Au volant de sa camionnette jaune, la factrice Cécile Saïdani sillonne depuis quelques jours plusieurs communes de Haute-Garonne à la rencontre de seniors ayant accepté de participer au programme. « Drapeau, fleur, porte : je vais vous demander de mémoriser ces mots et de me les répéter quelques minutes plus tard », indique à Armande Saint-Pierre la jeune factrice.

Ça m’a un peu rassurée que ce soit la factrice qui me fasse passer ce test, parce que j’ai pensé que les termes utilisés seraient des termes que j’allais comprendre.
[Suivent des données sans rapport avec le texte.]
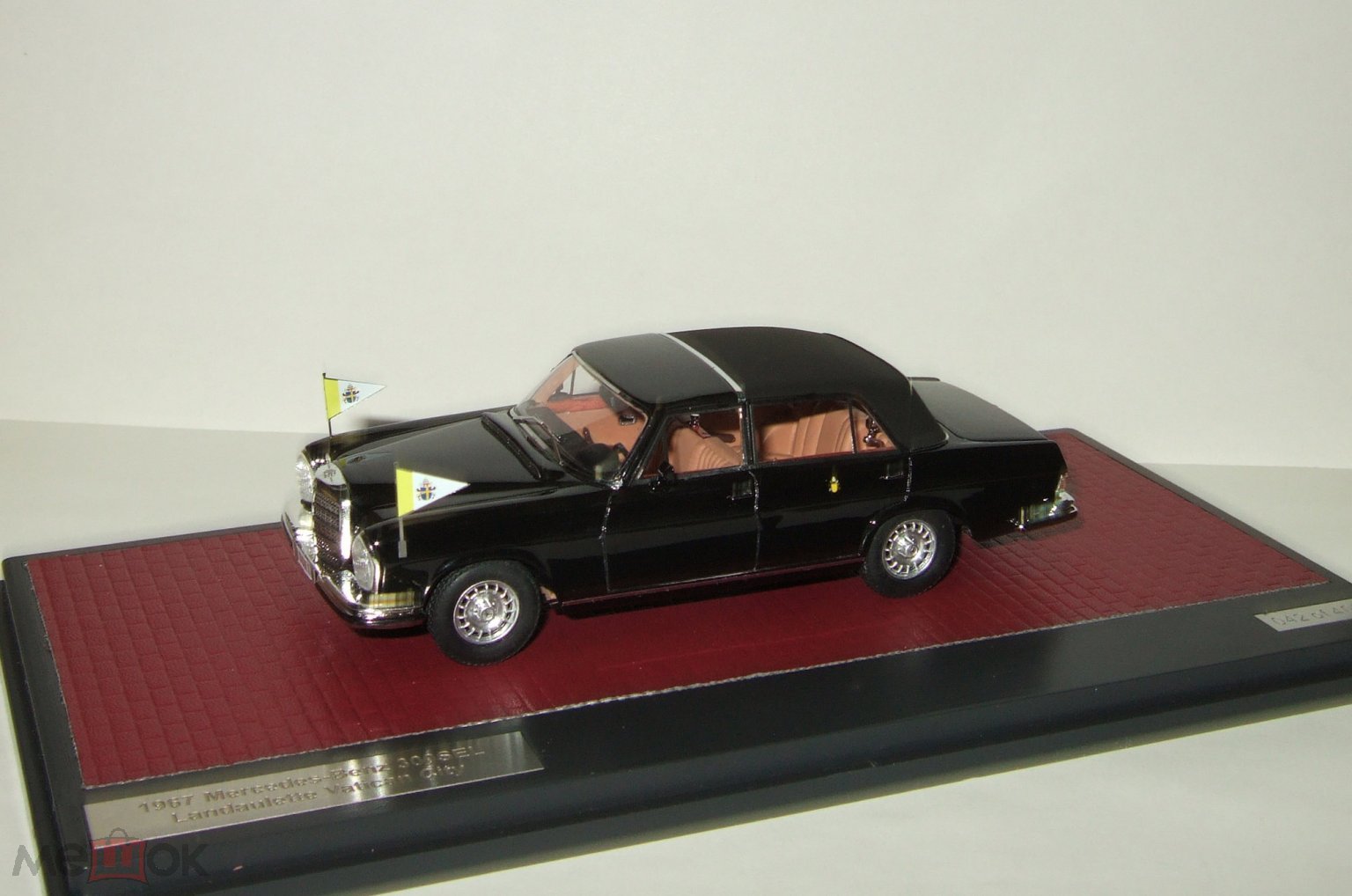 Мерседес Бенц Mercedes Benz 300 SEL W108 Landaulette Vatican 1967 Matrix  1:43 БЕСПЛАТНАЯ доставка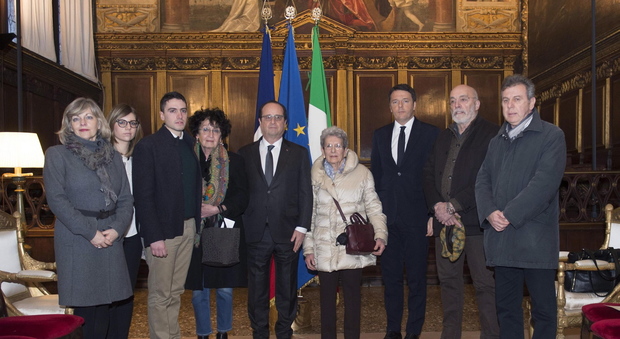 Renzi, Holland e i familiari di Valeria Solesin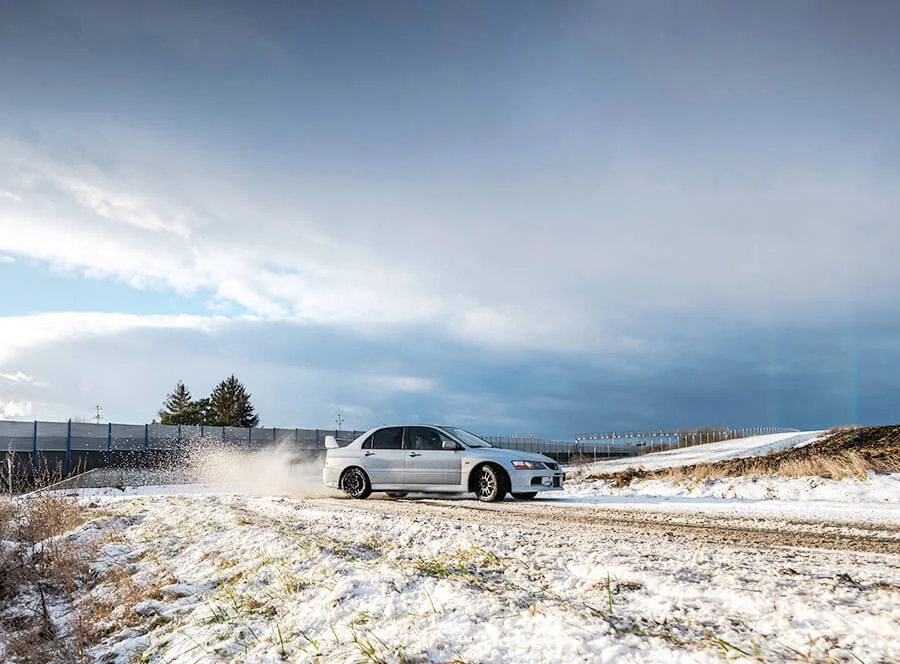 Jízda v Mitsubishi Lancer EVO IX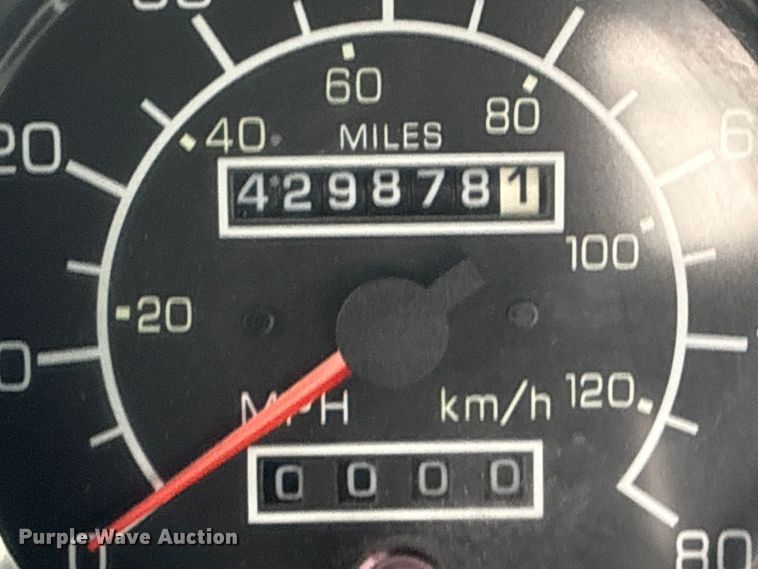 image for item EG8918 2005 Kenworth T800 semi truck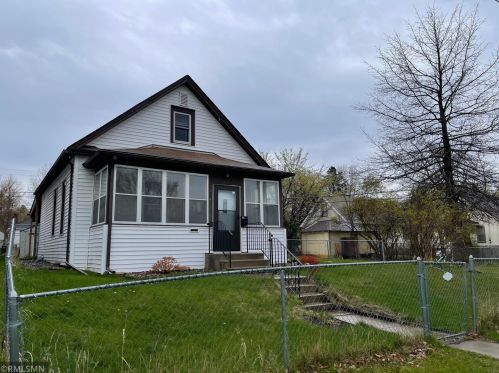 1264 Desoto St, Saint Paul MN  55130-3516 exterior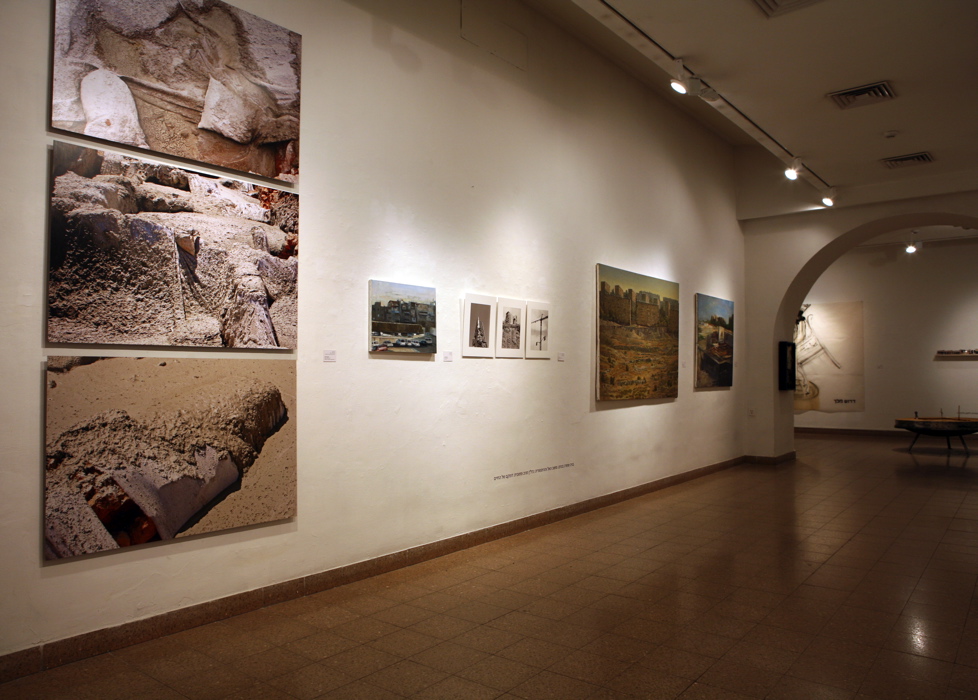 Jerusalem, Surface Fractures, 05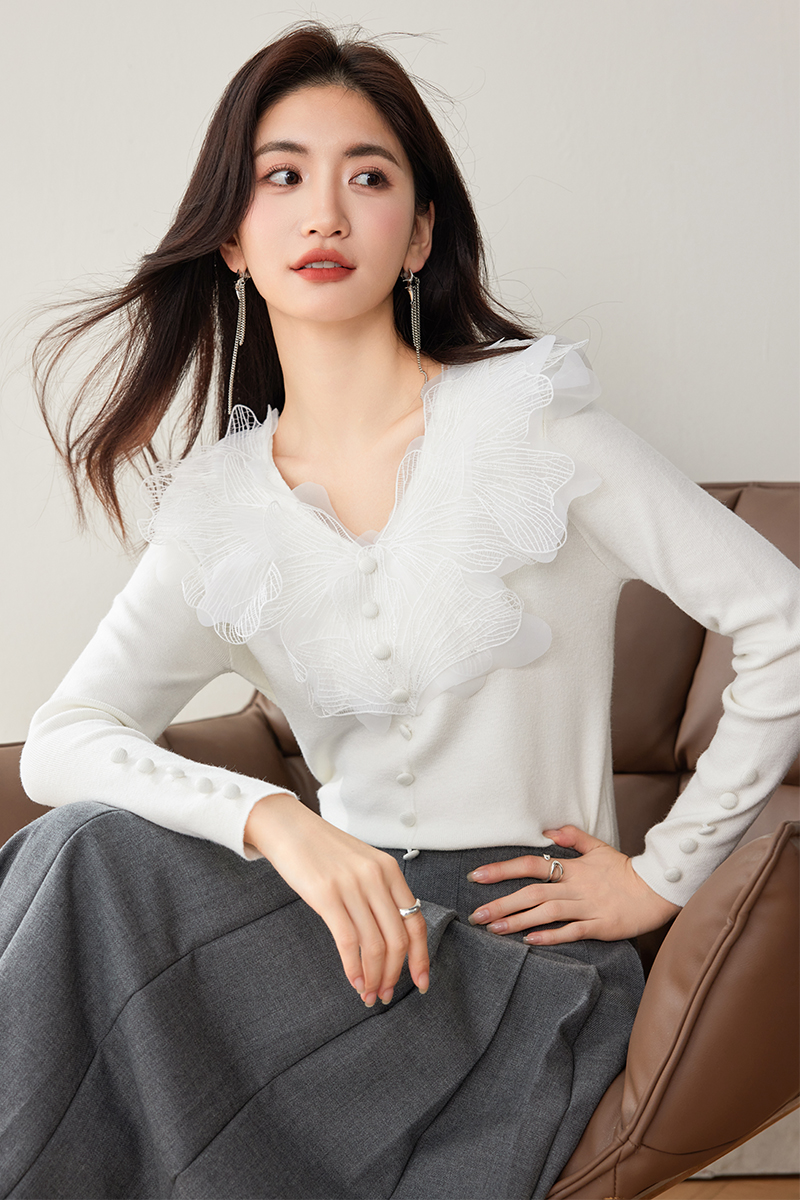 Pinched waist lace sweater bottoming tops for women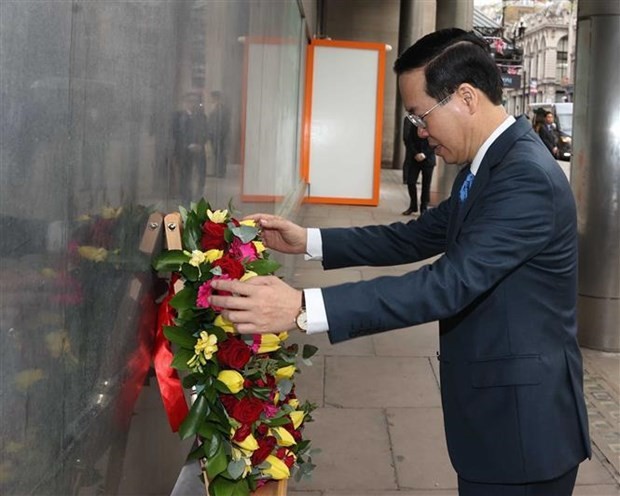 越南国家主席武文赏向在伦敦的胡志明主席纪念碑献花。（图片来源：越通社）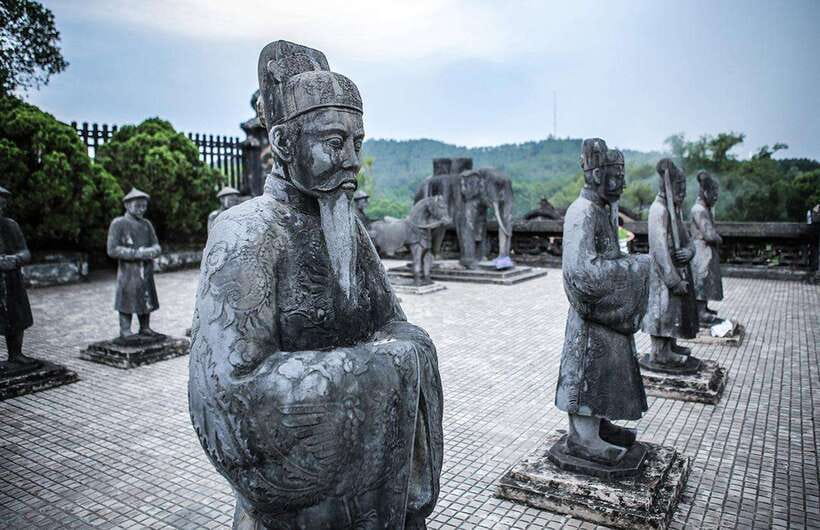 Hoi An/Da Nang: Hue Imperial City by Bus or Train Experience - Bus from Hoi An or Da Nang: simple and direct, with early starts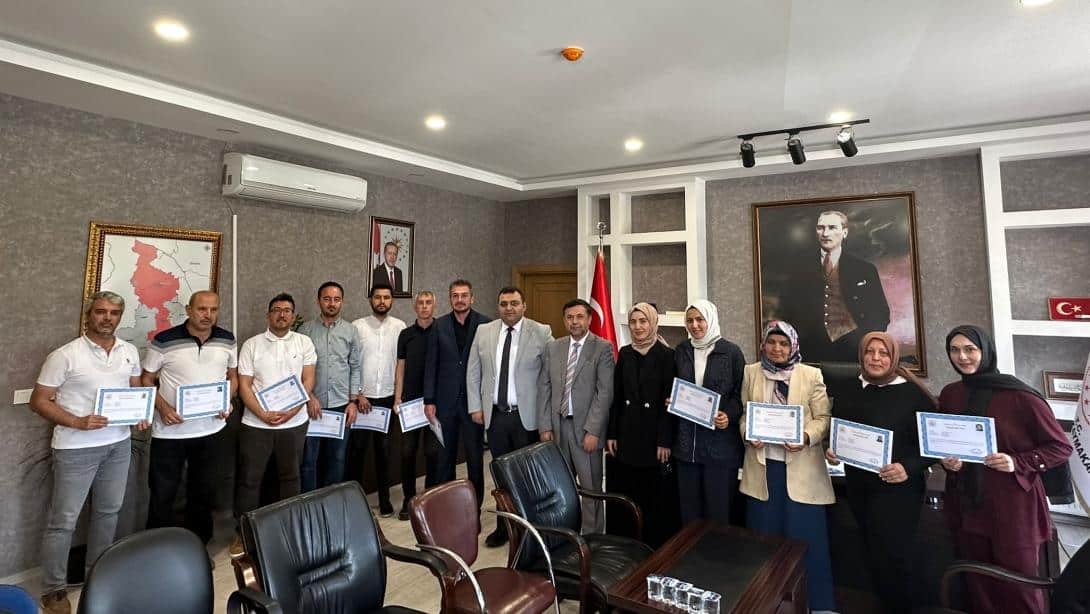 Pazarlar İlkokulu İdareci ve Öğretmenlerine Başarı Belgeleri Takdim Edildi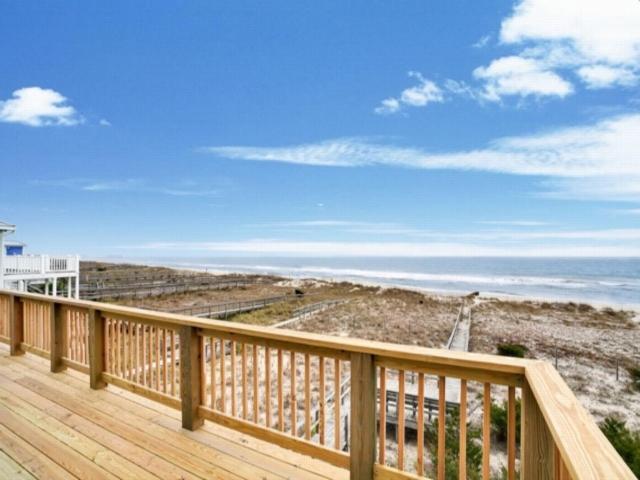 Sea Haven - Oceanfront! Amazing Master Suite With A Private Oceanfront Deck! Recently Renovated And Perfect For The Entire Family Home Kure Beach Esterno foto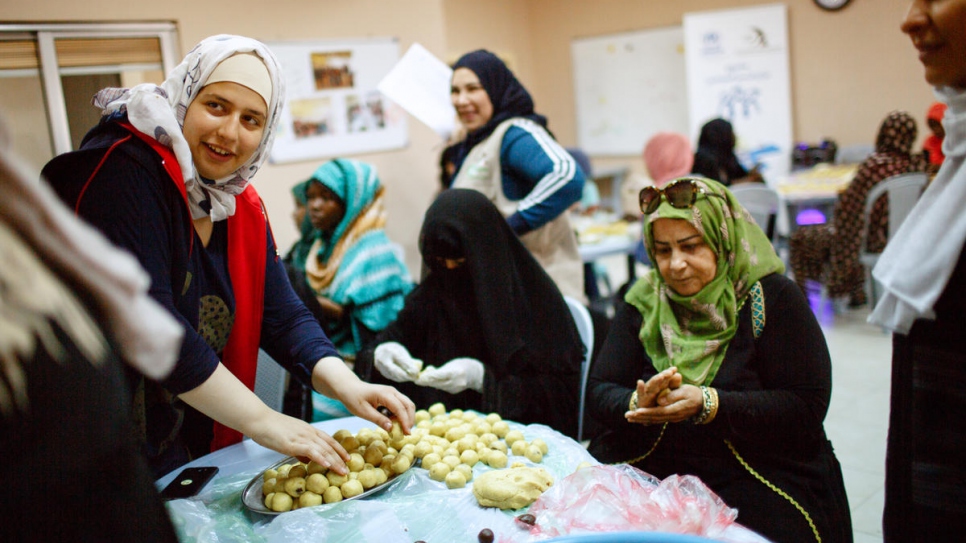 Un groupe de femmes réfugiées d'Irak, du Yémen, de Syrie et du Soudan ainsi que des résidentes jordaniennes fabriquent le 'ma'moul', un gateau arabe pour l'Aïd. Ces pâtisseries seront distribuées aux familles nécessiteuses, aux réfugiés et aux Jordaniens, à Amman, en Jordanie. 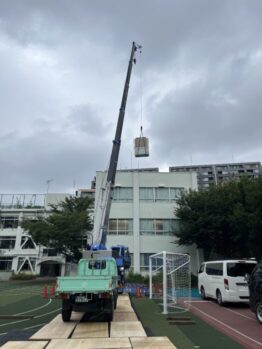 GHP搬入及び養生回収作業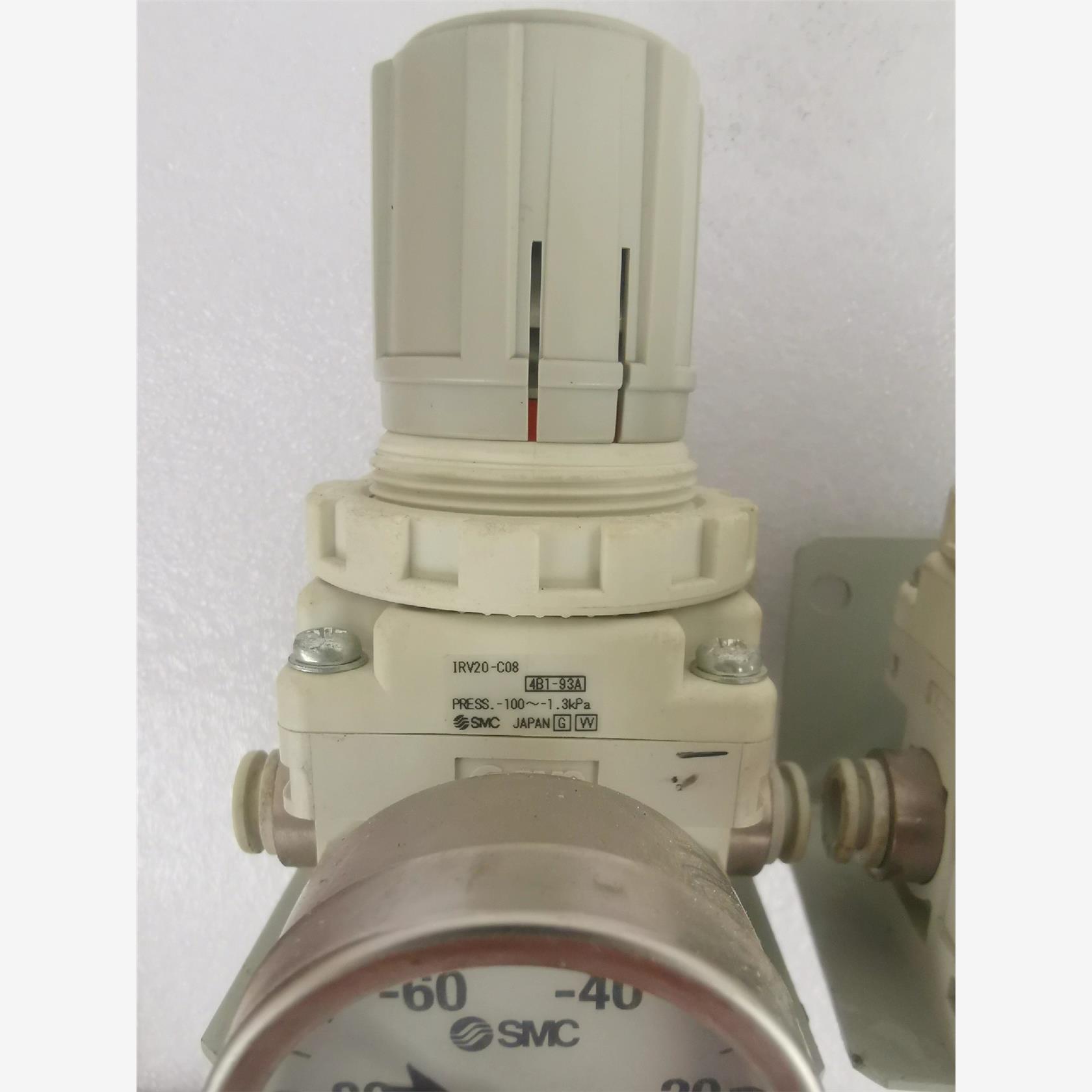 SMC调压阀：型号：IRV20-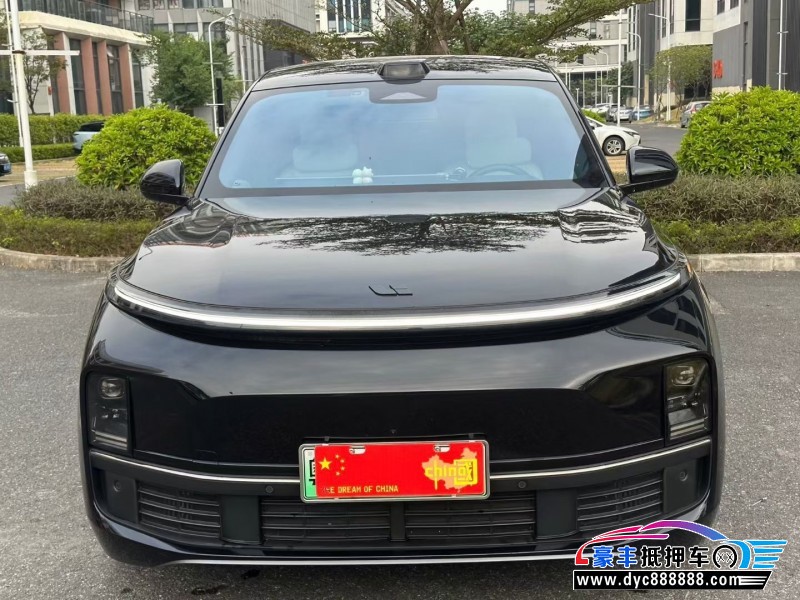 24年理想L8轿车抵押车出售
Si c’était un médecin, peut-être qu’il aurait fallu que j’aille chercher le dictionnaire.

Armande Saint-Pierre, retraitée

« Sur une échelle de 0 à 100 de bonheur, où vous situez-vous ? », demande la factrice qui rentre au fur et à mesure les données récoltées sur une tablette. « Je dois être à 20, à peine … », murmure tristement Armande. « Il me tarde que cette crise s'arrête, car dans ma tête ça ne va plus », confie l’octogénaire.

Depuis le premier mars, des facteurs et factrices se rendent chez des seniors des communes de Plaisance-du-Touch, Muret, Auterive, Tournefeuille et Léguevin pour détecter la perte d’autonomie.
Depuis le premier mars, des facteurs et factrices se rendent chez des seniors des communes de Plaisance-du-Touch, Muret, Auterive, Tournefeuille et Léguevin pour détecter la perte d’autonomie. © Lionel Bonaventure / AFP

C’est ensuite au tour de son époux Roger, 85 ans, d'effectuer le test. Lunettes aux yeux et masque blanc sur la bouche, il avoue aussi à demi mot que les « jours de mauvais temps ou de grand vent, ça va moins bien ».

Avec le Covid, les gens sont de plus en plus isolés. Le fait de venir et de parler, de regarder s’il vont bien, c’est important. Il y en a beaucoup qui ne se soignent pas, qui ne sont pas dans un système de santé. Et je trouve que c’est bien de s’intéresser à eux et de ne pas les laisser seuls.

Cécile Saïdani, factrice

Objectif 200 000 séniors suivis d'ici 5 ans

Une première phase d'expérimentation fin 2020, dans trois communes de l'agglomération toulousaine, avait permis de réaliser le test sur 500 personnes, pour qui un signalement au médecin traitant a été nécessaire dans 20% des cas.

Le facteur, il a valeur de confiance dans l'esprit des Français. Puis c'est un acteur de proximité humaine, puisque 6 jours sur 7, il est chez tous les clients.

Sylvie Bailly, directrice d'établissement à La Poste de Plaisance-du-Touch

Selon Neda Tavassoli, pharmacienne au service gériatrie du CHU de Toulouse « l’objectif est de suivre 200 000 seniors en Occitanie d'ici cinq ans ».